Further down are entries; set down exactly and only the lines from the one with "Beautiful lesbian woman" up to and including the one with "2012 Jeep Wrangler", dropping each picture.

(Beginning of The records)

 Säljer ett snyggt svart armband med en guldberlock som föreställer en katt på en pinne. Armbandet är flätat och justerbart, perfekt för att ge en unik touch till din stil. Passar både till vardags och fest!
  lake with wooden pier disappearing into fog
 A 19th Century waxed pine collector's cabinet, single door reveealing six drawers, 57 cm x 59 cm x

(End of The records)
(Beginning of The records)

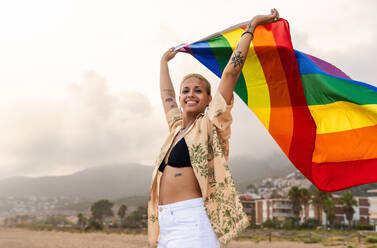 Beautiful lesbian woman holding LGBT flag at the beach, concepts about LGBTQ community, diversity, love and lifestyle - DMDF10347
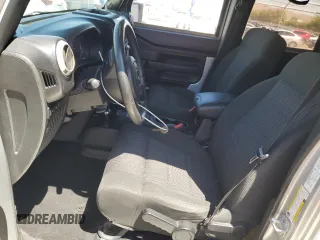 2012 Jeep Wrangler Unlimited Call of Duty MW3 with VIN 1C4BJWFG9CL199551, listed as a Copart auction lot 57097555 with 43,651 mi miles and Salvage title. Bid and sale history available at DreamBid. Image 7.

(End of The records)

▶ _Exercise result_:
 Beautiful lesbian woman holding LGBT flag at the beach, concepts about LGBTQ community, diversity, love and lifestyle - DMDF10347
 2012 Jeep Wrangler Unlimited Call of Duty MW3 with VIN 1C4BJWFG9CL199551, listed as a Copart auction lot 57097555 with 43,651 mi miles and Salvage title. Bid and sale history available at DreamBid. Image 7.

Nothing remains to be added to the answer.